An imposing right-hander who stood 6-foot-4 and weighed 205 pounds (or more, later), Perry pitched for eight different teams (not counting his second stint with the Rangers) and earned All-Star honors five times while sticking around the majors long enough to rank in the top 20 in several pitching categories — not all of them flattering ones — with totals hard to fathom in this age of limited workloads. He’s fifth in hits allowed (4,938), sixth in innings (5,350) and losses (256), seventh in batters faced (21,953), eighth in strikeouts (3,534), ninth in starts (690), 13th in bWAR (93.0), 16th in shutouts (53), 17th in wins (314), and 18th in S-JAWS (65.7). (Baseball Reference is alas silent on the number of times an umpire searched him.) He and his older brother Jim Perry, who pitched in the majors from 1959-75 and was his teammate in Cleveland in ’74-75, are the only brothers to win Cy Youngs; Jim won his in 1970 with the Twins, and Gaylord (who was runner up to Gibson in the NL that year) won his first in ’72 with Cleveland. The Perrys — who for six days in September 1975 had identical career won-loss records of 215-174 — combined for 529 wins, which stood as a record until 1987, when Phil Niekro and his brother Joe Niekro surpassed them.

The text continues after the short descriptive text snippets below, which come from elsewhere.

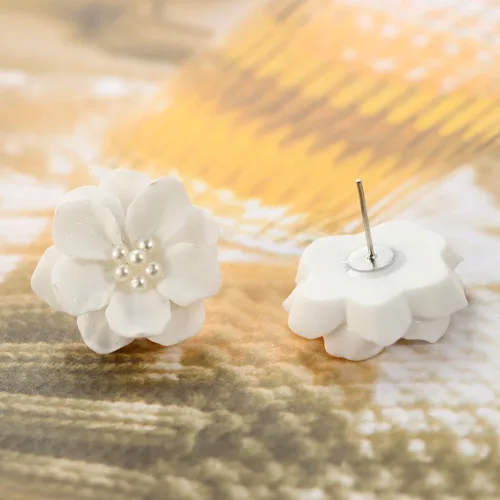 Miniatura 6 de Exaggeration - Aretes bohemios de perlas para mujer, flor de camelia, perlas blancas, aretes de tuerca Blosson, regalos de joyería de boda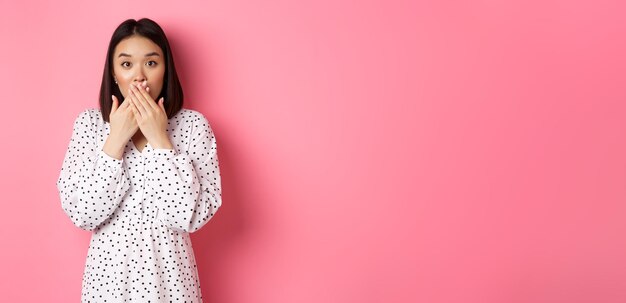 Une jeune femme debout sur un fond jaune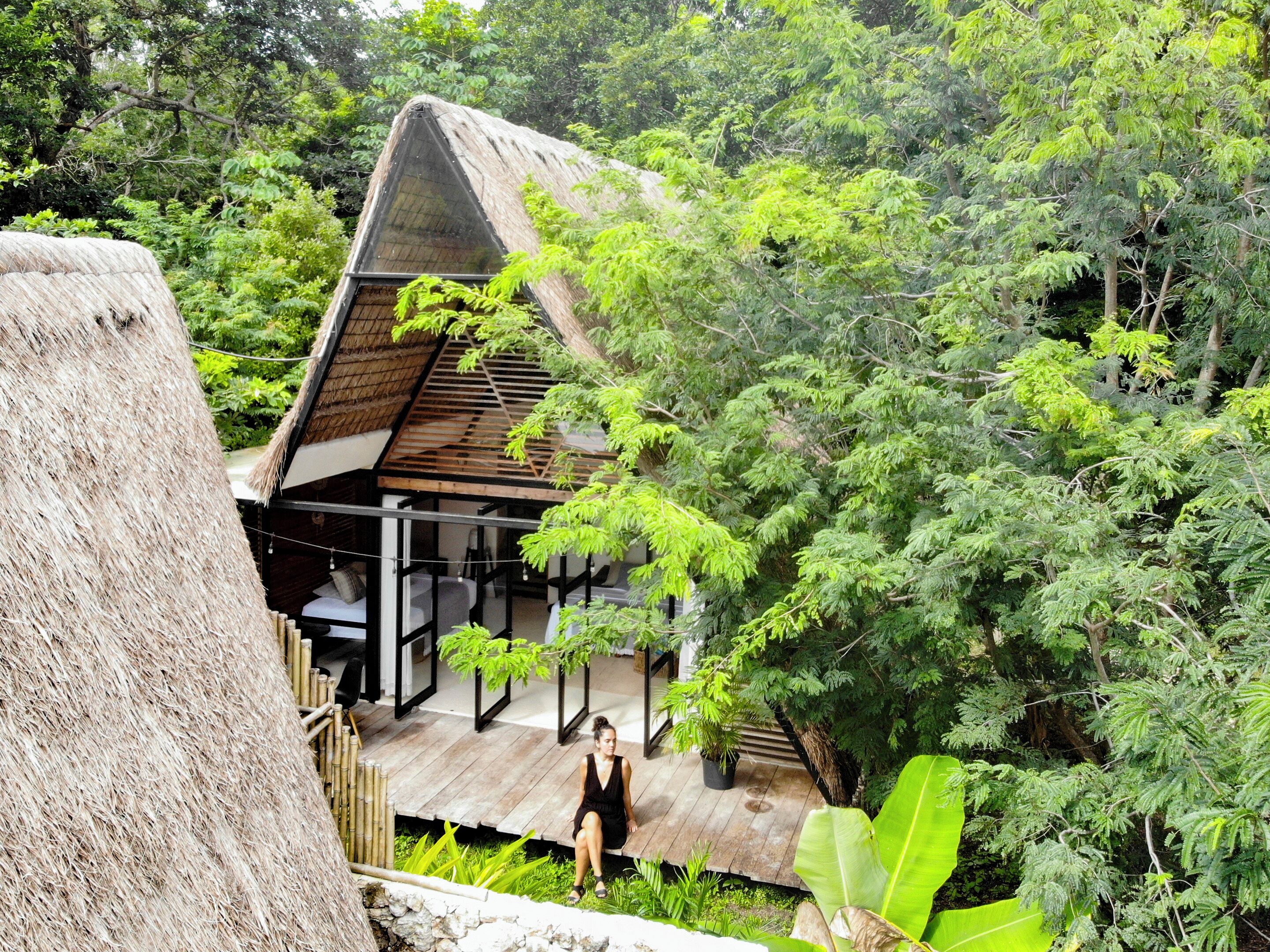 UMAI | Camas con efecto memoria y caja de seguridad en la habitación 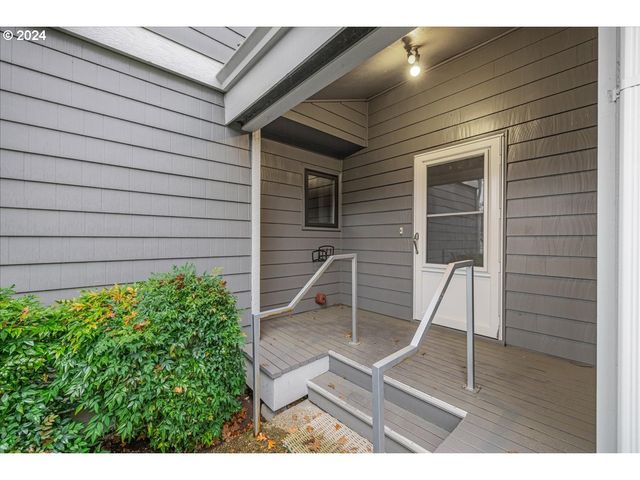 $425,000 | 700 Southeast Marion Street, Unit D | Sellwood-Moreland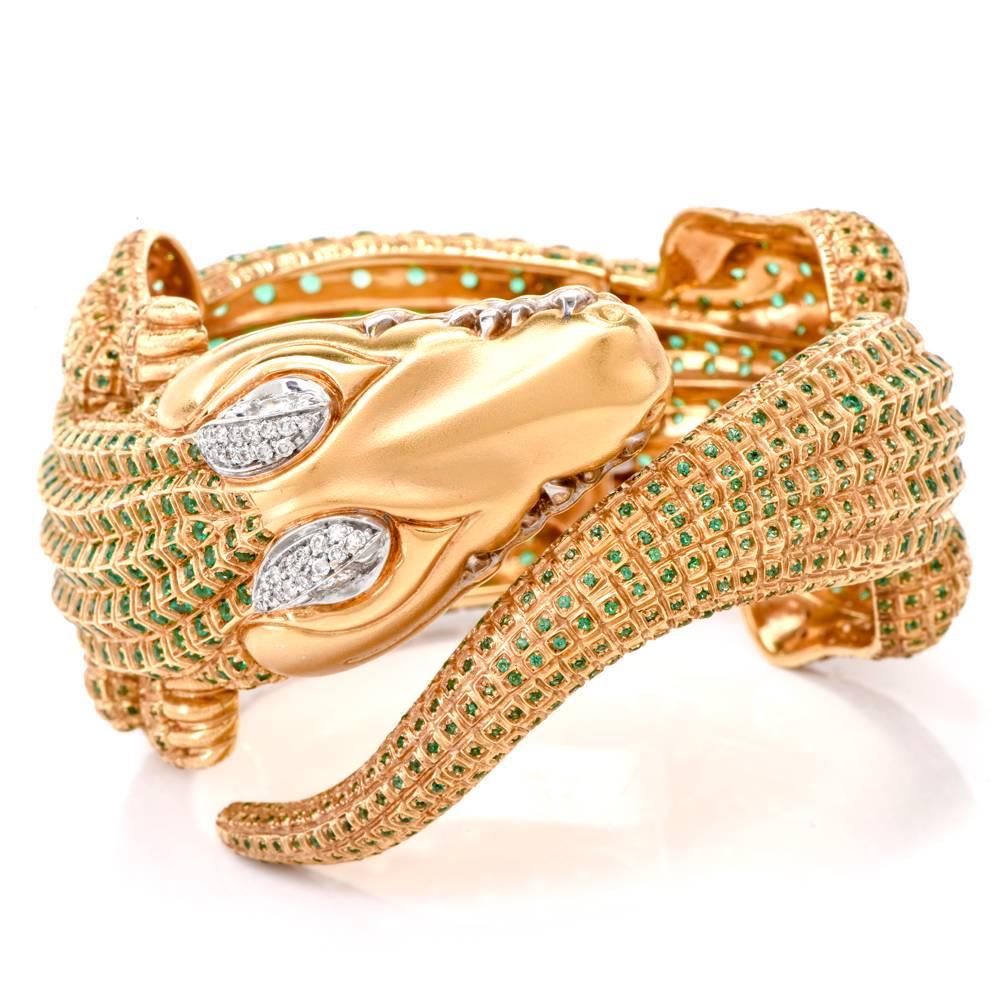 Modern Emerald Diamond Green Gold Alligator Bangle Bracelet In Excellent Condition In Miami, FL
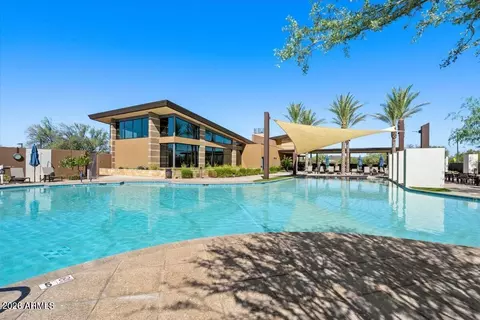 Exterior - 3136 E Tina Dr, Phoenix, AZ 85050 photo 4 of 4
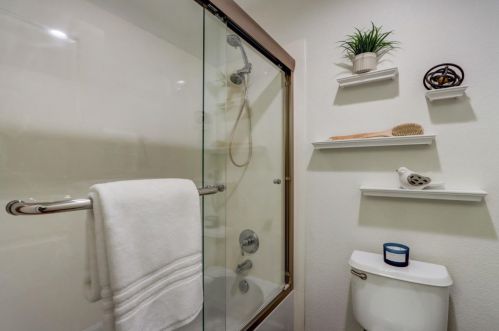 227 Vista Roma Way, San Jose CA 95136-4444 exterior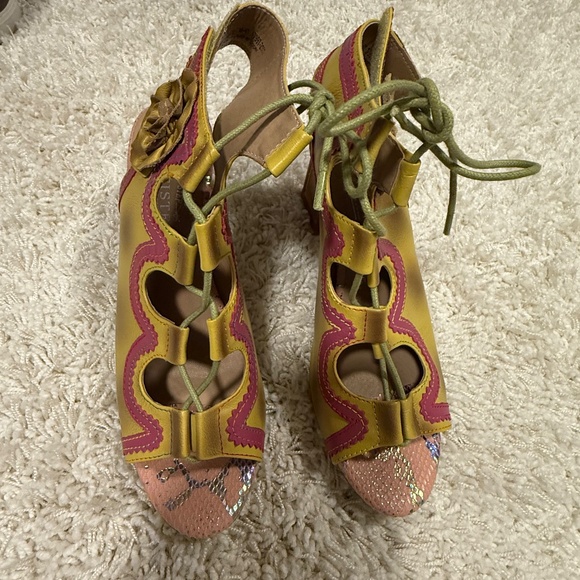 New!!  L'Artiste Whimsical Heels!  size 41/10 - Picture 2 of 7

Perry was born on September 15, 1938 in Williamston, North Carolina to tenant farmers Evan and Ruby Perry. Evan himself pitched semiprofessionally, once winning both ends of a doubleheader, and he reportedly turned down a minor league contract because his family needed him to work the farm. He became a father to Jim at age 17, and was just 19 when Gaylord was born. The young Perry boys helped their parents by working on their 25-acre farm, where they grew tobacco, corn, and peanuts. Their father nurtured their baseball abilities, and later played with them on the same semipro team. “I remember our neighbors saying, ‘All those Perry boys want to do is play baseball, and their dad is even worse,” Perry recalled during his Hall of Fame induction speech in 1991.

Athleticism was Perry’s ticket off the farm. “The boy always had to work hard at things. He didn’t take to books,” an unnamed friend and former major league scout told Sports Illustrated’s Pat Jordan in 1974. “If he hadn’t been such a natural athlete, he might never have gone beyond the ninth grade. He proved to me that you don’t have to be brilliant to be a great pitcher… Gaylord just has a natural talent for pitching a baseball, and he can throw the ball wherever the catcher tells him to.”

At Williamston High School, Perry encountered indoor plumbing for the first time, and starred in three sports. He earned All-State honors as an offensive and defensive end before giving up the game as a senior due to injury concerns. He was even better on the basketball court, leading his team to a 94-8 record in his four years. On the diamond, he and his brother pitched and played third base; when Gaylord was a freshman, the pair threw back-to-back shutouts to sweep the best-of-three finals in the state tournament.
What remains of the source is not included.